Over the last week we've been talking about funding rates and how they are a warning sign in crypto markets. For us it's a way to gauge when a trade is getting crowded.

A helpful way to view funding rates is through some logic.

If bitcoin is ripping higher and the funding rate climbs to 0.4%, that's 26x the 0.015% average. And over the course of say three days this amount gets expensive for your position.

If you have a $100,000 position (using $10,000 of capital), a sizeable chunk of interest will have to be paid out.

And as this chunk grows traders begin to close positions. That's the cool down effect, which can take time.

Just look out at the growth of open positions as of late. It's grown from $7.2 billion to $11.5 billion as of January 12th.

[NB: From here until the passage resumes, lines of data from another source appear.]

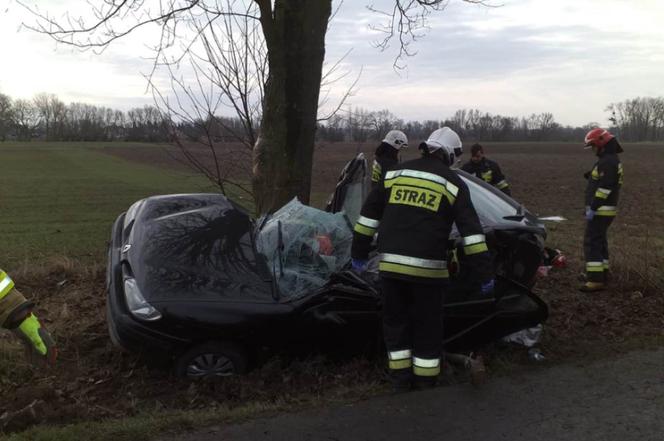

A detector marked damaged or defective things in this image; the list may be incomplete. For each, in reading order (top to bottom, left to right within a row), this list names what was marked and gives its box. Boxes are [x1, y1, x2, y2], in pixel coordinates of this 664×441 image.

shattered windshield [254, 199, 352, 300]
crumpled car body [106, 154, 548, 374]
crashed black car [106, 153, 548, 376]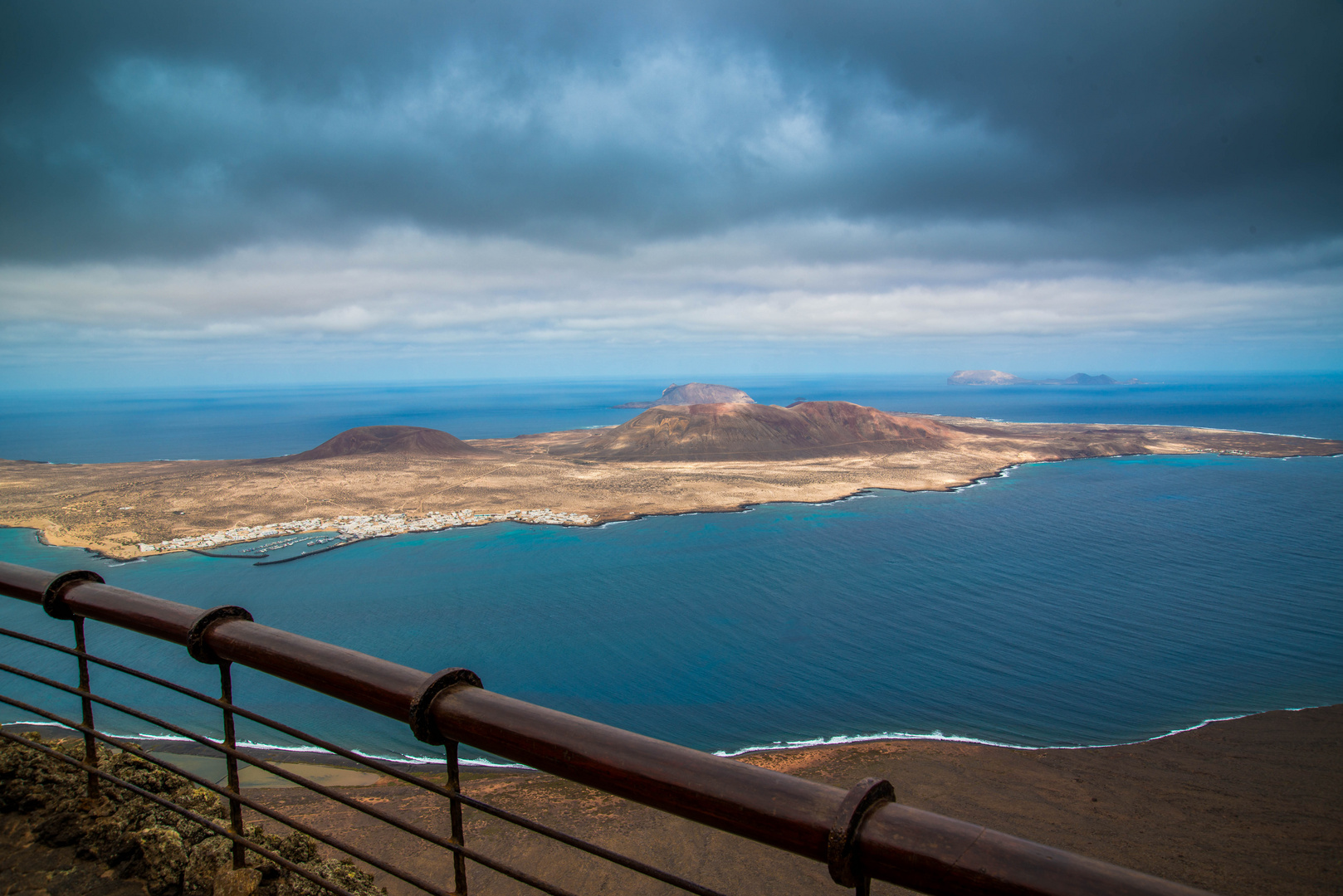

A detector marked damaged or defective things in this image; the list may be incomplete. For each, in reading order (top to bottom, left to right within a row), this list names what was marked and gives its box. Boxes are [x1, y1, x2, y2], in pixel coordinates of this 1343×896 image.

rusty metal pipe railing [0, 561, 1219, 896]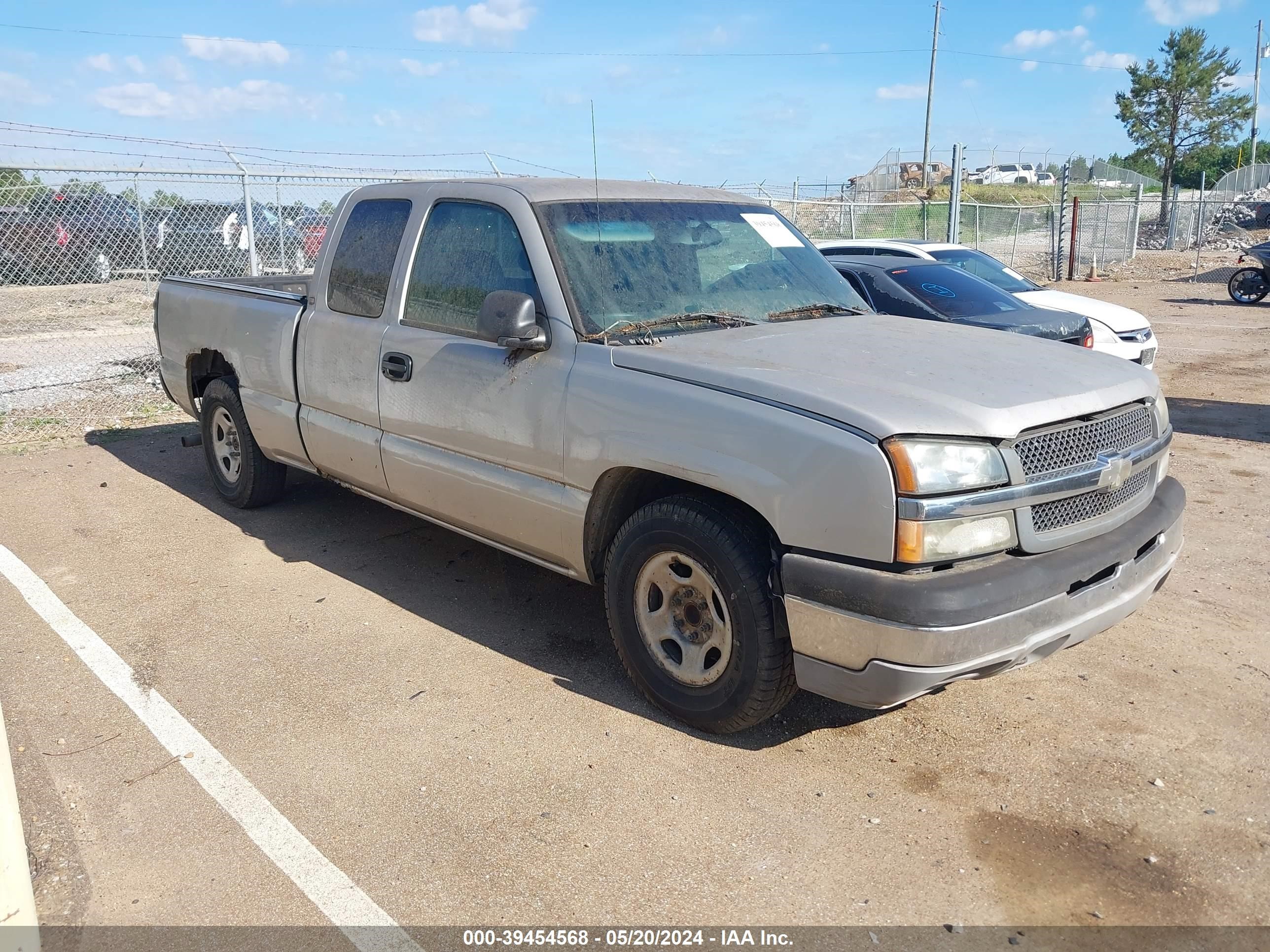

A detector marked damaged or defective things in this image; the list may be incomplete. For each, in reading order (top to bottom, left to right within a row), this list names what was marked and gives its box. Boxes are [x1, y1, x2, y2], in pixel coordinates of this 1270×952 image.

wrecked vehicle in lot [153, 182, 1183, 741]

If no big buyer steps up in the next few days, chances are we'll see open interest keep dropping with funding rates so elevated.

Now, one thing to keep in mind... When bitcoin began its parabolic run in mid-October, the spot market drove prices higher. Not derivatives. In fact, funding rates were actually negative for the first leg. We chalk this up to traders growing accustomed to sub $20,000 prices since December 2017.

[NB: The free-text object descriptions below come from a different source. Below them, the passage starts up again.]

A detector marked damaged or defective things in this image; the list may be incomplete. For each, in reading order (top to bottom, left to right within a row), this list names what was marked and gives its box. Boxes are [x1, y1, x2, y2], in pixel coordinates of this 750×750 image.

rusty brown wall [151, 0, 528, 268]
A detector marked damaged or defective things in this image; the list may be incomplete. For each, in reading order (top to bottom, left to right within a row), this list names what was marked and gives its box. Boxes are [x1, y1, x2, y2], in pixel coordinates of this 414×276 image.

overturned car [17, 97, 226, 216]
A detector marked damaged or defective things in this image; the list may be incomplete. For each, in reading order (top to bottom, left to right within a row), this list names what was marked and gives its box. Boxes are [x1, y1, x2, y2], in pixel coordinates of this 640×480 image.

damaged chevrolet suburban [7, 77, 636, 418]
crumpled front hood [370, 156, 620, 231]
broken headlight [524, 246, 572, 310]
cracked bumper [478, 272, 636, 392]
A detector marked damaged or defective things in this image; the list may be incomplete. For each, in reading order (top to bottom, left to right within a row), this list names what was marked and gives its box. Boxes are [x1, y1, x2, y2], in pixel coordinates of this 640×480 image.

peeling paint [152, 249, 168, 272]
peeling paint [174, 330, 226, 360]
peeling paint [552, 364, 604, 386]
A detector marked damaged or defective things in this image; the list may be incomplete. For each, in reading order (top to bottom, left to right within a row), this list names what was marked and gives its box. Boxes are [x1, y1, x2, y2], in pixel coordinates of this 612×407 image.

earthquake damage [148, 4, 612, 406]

During this first leg it the long trade never got too crowded. This allowed the move higher to have such long legs.

It wasn't until the past seven days did funding rates start to look whacky. These rates are what caused risk levels to start flashing for us.

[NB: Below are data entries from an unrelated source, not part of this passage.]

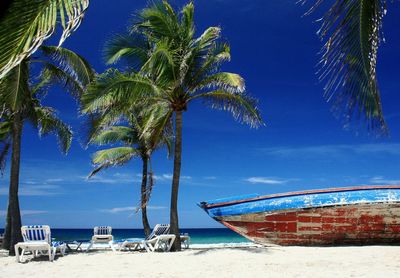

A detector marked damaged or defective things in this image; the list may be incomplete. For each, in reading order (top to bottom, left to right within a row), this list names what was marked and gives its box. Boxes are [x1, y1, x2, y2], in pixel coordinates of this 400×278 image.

peeling paint on hull [200, 186, 400, 247]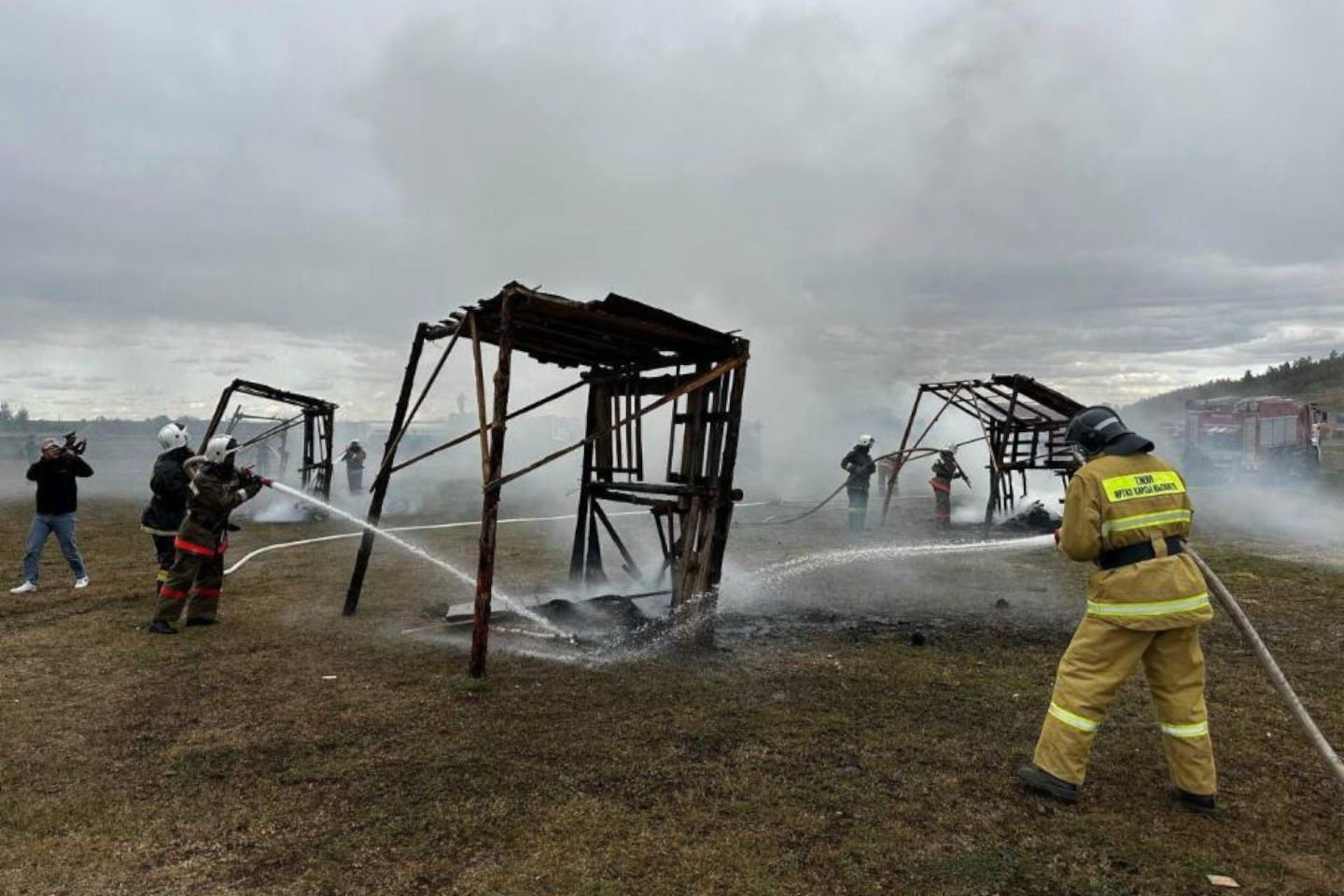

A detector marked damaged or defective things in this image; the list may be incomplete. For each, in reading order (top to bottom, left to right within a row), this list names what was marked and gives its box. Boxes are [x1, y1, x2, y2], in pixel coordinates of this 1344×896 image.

charred wooden structure [199, 381, 338, 502]
charred wooden structure [341, 283, 752, 677]
charred wooden structure [881, 373, 1080, 526]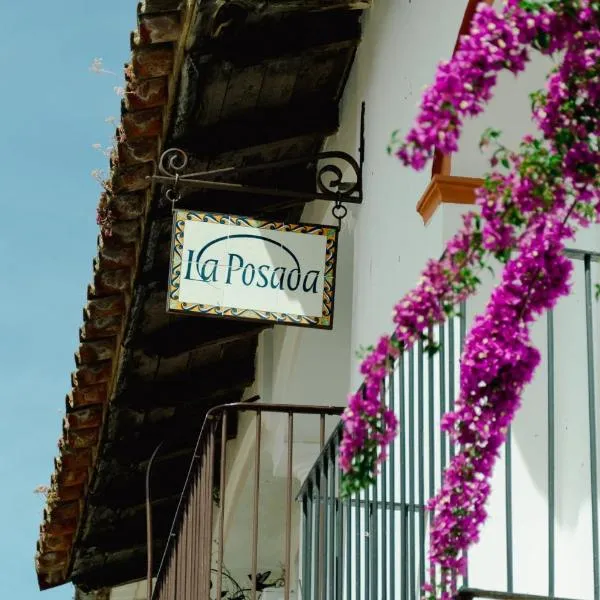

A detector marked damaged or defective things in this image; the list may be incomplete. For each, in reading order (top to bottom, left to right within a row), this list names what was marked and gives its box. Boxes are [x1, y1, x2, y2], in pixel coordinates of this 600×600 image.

rusty metal bracket [150, 103, 366, 216]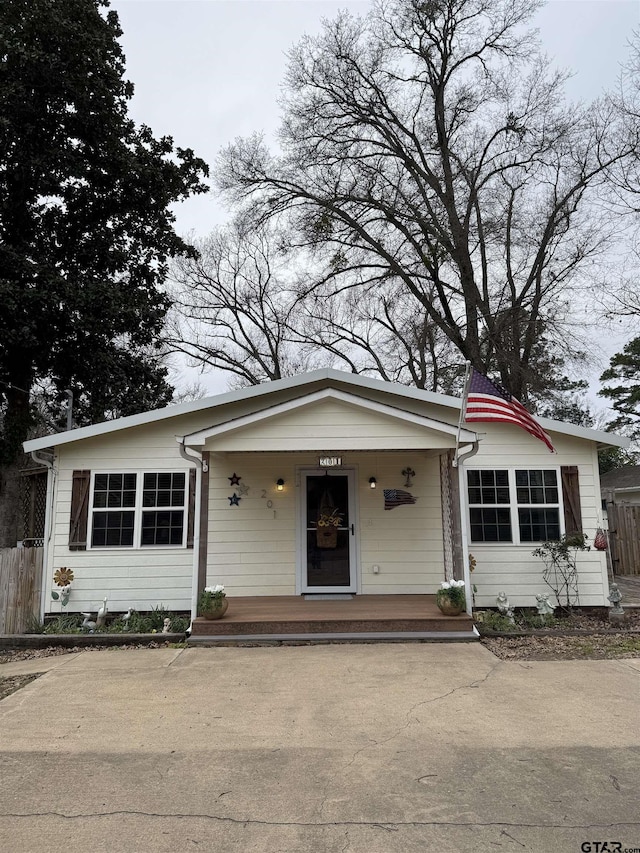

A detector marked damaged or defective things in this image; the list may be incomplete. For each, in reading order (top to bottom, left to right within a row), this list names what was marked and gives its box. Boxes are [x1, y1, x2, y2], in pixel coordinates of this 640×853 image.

crack in concrete [2, 808, 636, 828]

In light of all this funding rate talk, it's important to remember to take all of this day by day. I know it's easy to get excited and jump into a dip.

Crypto twitter doesn't help with their constant drum beating of buying the dip and staying poor. Try to ignore it.

Things can change quick and try not to get too attached to anything.

A new buyer can come in tomorrow and change the entire dynamic we're detailing here. It's why we also try to refrain from forming a price action narrative. Because if we get too married to what we think might happen, then we will be fighting ourselves when we change our minds.

It's how you can become your own worst enemy.

Take it day by day...

On-chain flows

exchange flows

Ebb and flow...

Tides move in

Buyers step in

Tides flow out

Things get dark...

We haven't seen buyers step in as of 3:45 UTC on January 13th. We saw on-chain and exchange flows indicating profit taking, not position building. The $250 million USDT still sits dormant.

Funding rates still rise fast whenever price seems to start heading higher. Traders are FOMO'ing into any price action right now. Eventually they'll grow tired. Luckily for us, computers don't.